An interdisciplinary collection of essays on telepistemology—the study of knowledge acquired at a distance. The Robot in the Garden initiates a critical theory of telerobotics and introduces telepistemology, the study of knowledge acquired at a distance. Many of our most influential technologies, the telescope, telephone, and television, were developed to provide knowledge at a distance. Telerobots, remotely controlled robots, facilitate action at a distance. Specialists use telerobots to explore actively environments such as Mars, the Titanic , and Chernobyl. Military personnel increasingly employ reconnaissance drones and telerobotic missiles. At home, we have remote controls for the garage door, car alarm, and television (the latter a remote for the remote). The Internet dramatically extends our scope and reach. Thousands of cameras and robots are now accessible online. Although the role of technical mediation has been of interest to philosophers since the seventeenth century, the Internet forces a reconsideration. As the public gains access to telerobotic instruments previously restricted to scientists and soldiers, questions of mediation, knowledge, and trust take on new significance for everyday life.
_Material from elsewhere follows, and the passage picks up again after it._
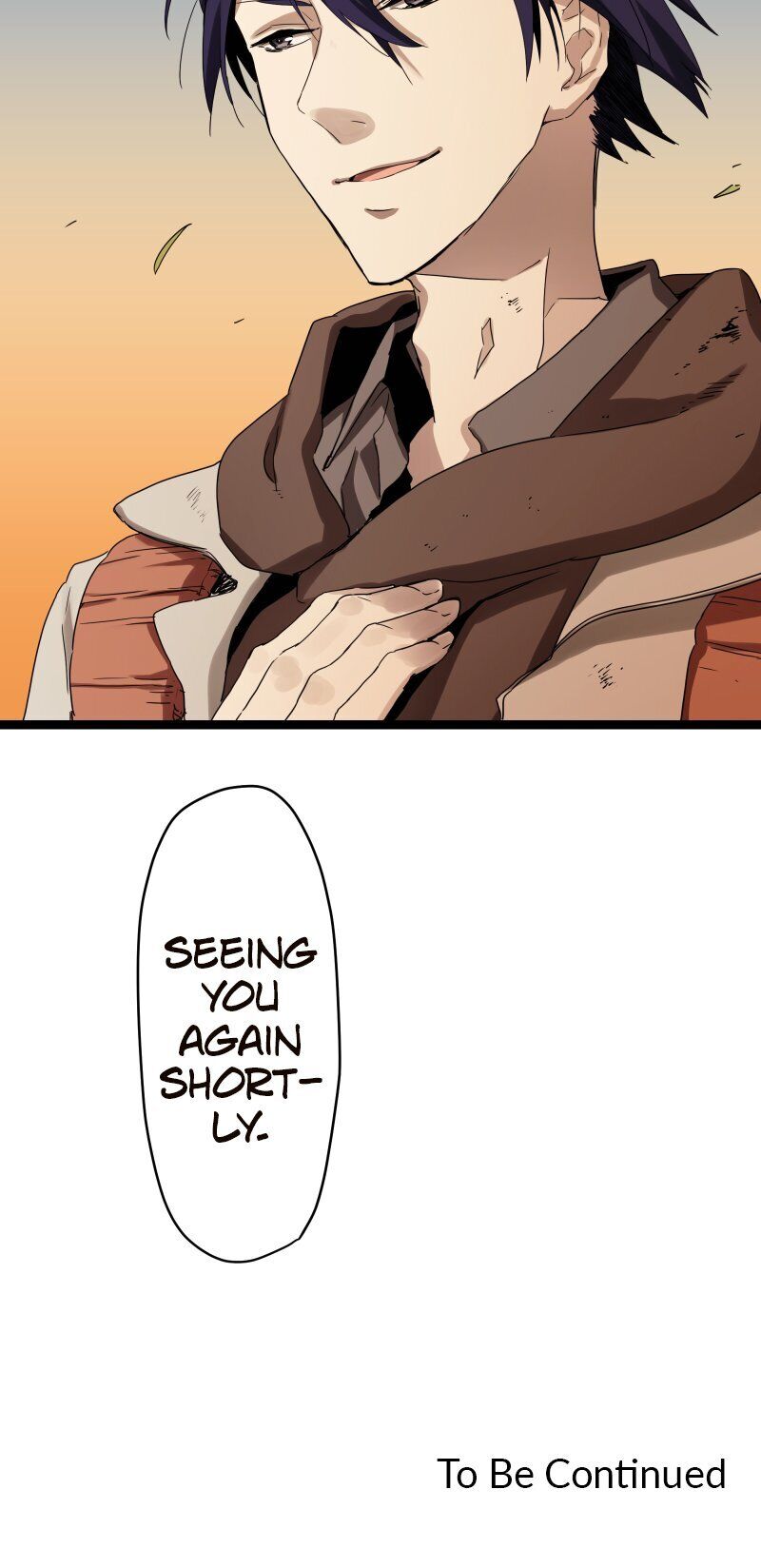 Nulliitas: The Half-Blood Royalty chapter 8 page 43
Telerobotics is a mode of representation. But representations can misrepresent. If Orson Welles's "War of the Worlds" was the defining moment for radio, what will be the defining moment for the Internet? As artists have always been concerned with how representations provide us with knowledge, the book also looks at telerobotics' potential as an artistic medium. The seventeen essays, by leading figures in philosophy, art, history, and engineering, are organized into three Philosophy; Art, History, and Critical Theory; and Engineering, Interface, and System Design. Albert Borgmann, Tom Campanella, John Canny, Judith Donath, Hubert Dreyfus, Ken Goldberg, Alvin Goldman, Oliver Grau, Marina Gržinic, Blake Hannaford, Michael Idinopulos, Martin Jay, Eduardo Kac, Machiko Kusahara, Jeff Malpas, Lev Manovich, Maurice Merleau-Ponty, Eric Paulos, Catherine Wilson
Ken Goldberg teaches and supervises research in Robotics, Automation, and New Media in the Department of Electrical Engineering and Computer Sciences (EECS) at UC Berkeley. Ken holds dual degrees in Electrical Engineering and Economics from the University of Pennsylvania (1984) and a PhD from Carnegie Mellon University (1990). He joined the UC Berkeley faculty in 1995 and is Professor of Industrial Engineering and Operations Research, with secondary appointments in EECS, the School of Information, Art Practice, and the UCSF Dept of Radiation Oncology. Ken and his co-authors have published over 200 peer-reviewed technical papers on algorithms for robotics, automation, and social information filtering, and he holds eight U.S. patents. He is Editor-in-Chief of the IEEE Transactions on Automation Science and Engineering (T-ASE), Co-Founder of the Berkeley Center for New Media, Co-Founder and CTO of Hybrid Wisdom Labs, Co-Founder of the Moxie Institute, and Founding Director of UC Berkeley's Art, Technology, and Culture Lecture Series. Ken's art installations, based on his research, have been exhibited internationally at venues such as the Whitney Biennial, the Berkeley Art Museum, the SF Contemporary Jewish Museum, the Pompidou Center, the Buenos Aires Biennial, and the ICC in Tokyo. Ken has co-written three award-winning Sundance documentary films, "The Tribe", "Yelp", and "Connected: An Autoblogography of Love, Death, and Technology." He is represented by the Catharine Clark Gallery in San Francisco.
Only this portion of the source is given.